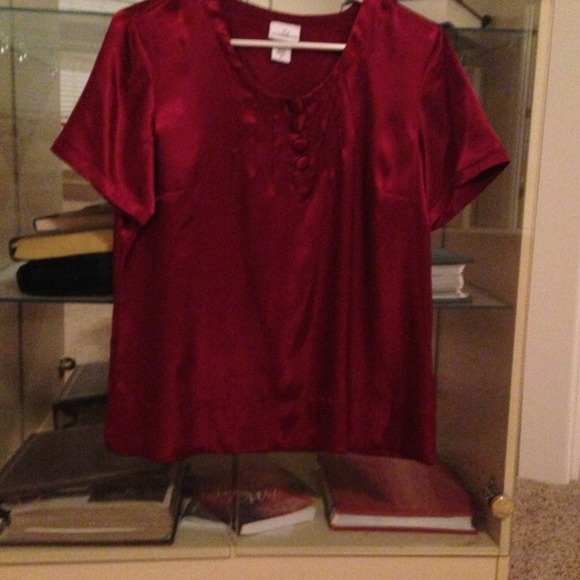 Shirt - Picture 2 of 2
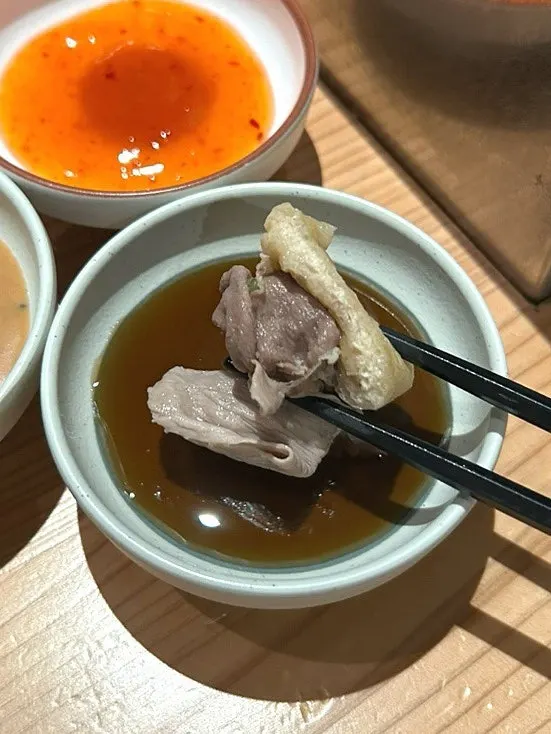 맑은탕에 야채와 고기를 넣고 끓이는 모습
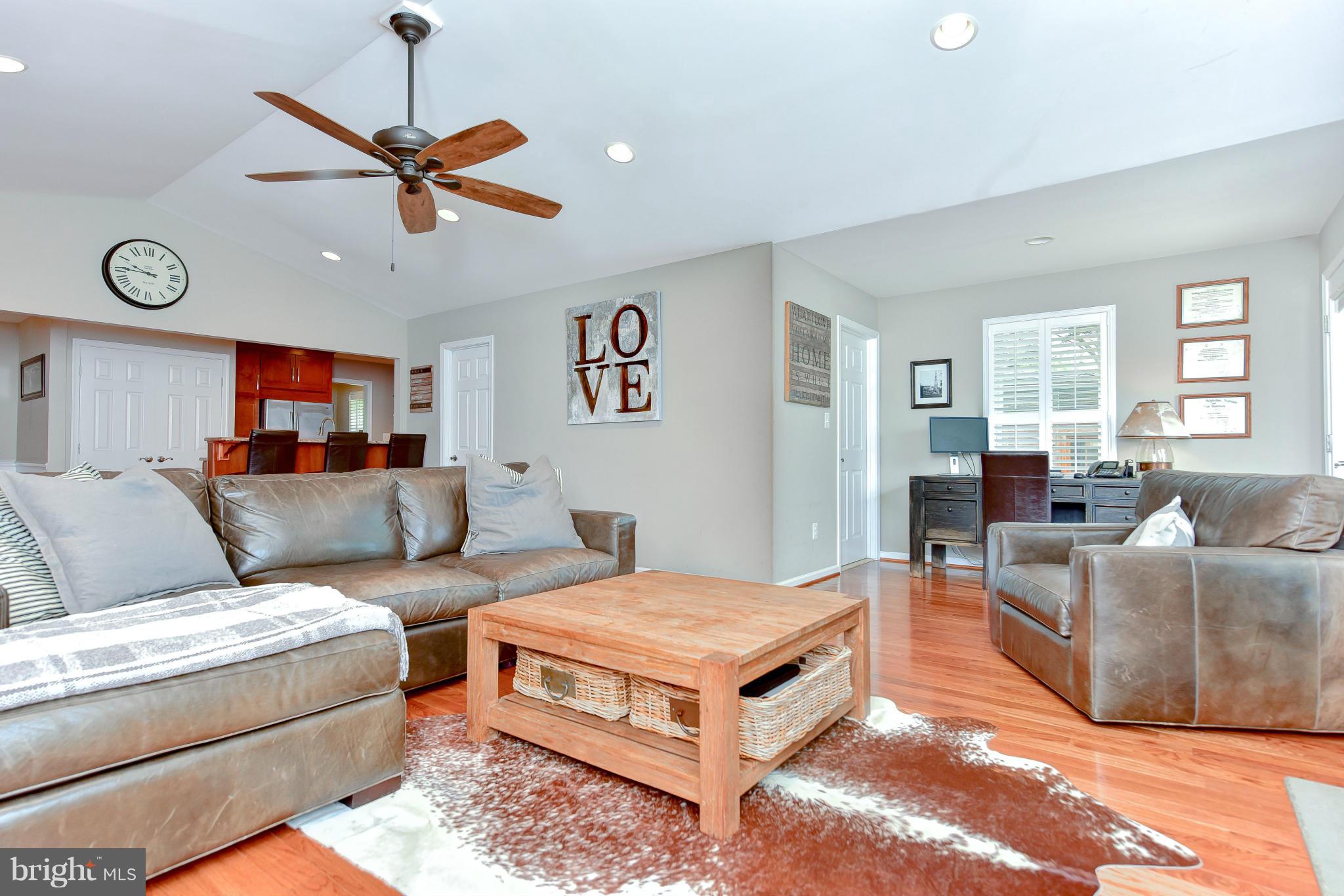 8011 Jackson Road Alexandria, VA 22308 - Photo 11 of 30 Great Room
***
Take every line of the material and copy it exactly, leaving out the pictures.

● Written response:
 Shirt - Picture 2 of 2
 맑은탕에 야채와 고기를 넣고 끓이는 모습
 8011 Jackson Road Alexandria, VA 22308 - Photo 11 of 30 Great Room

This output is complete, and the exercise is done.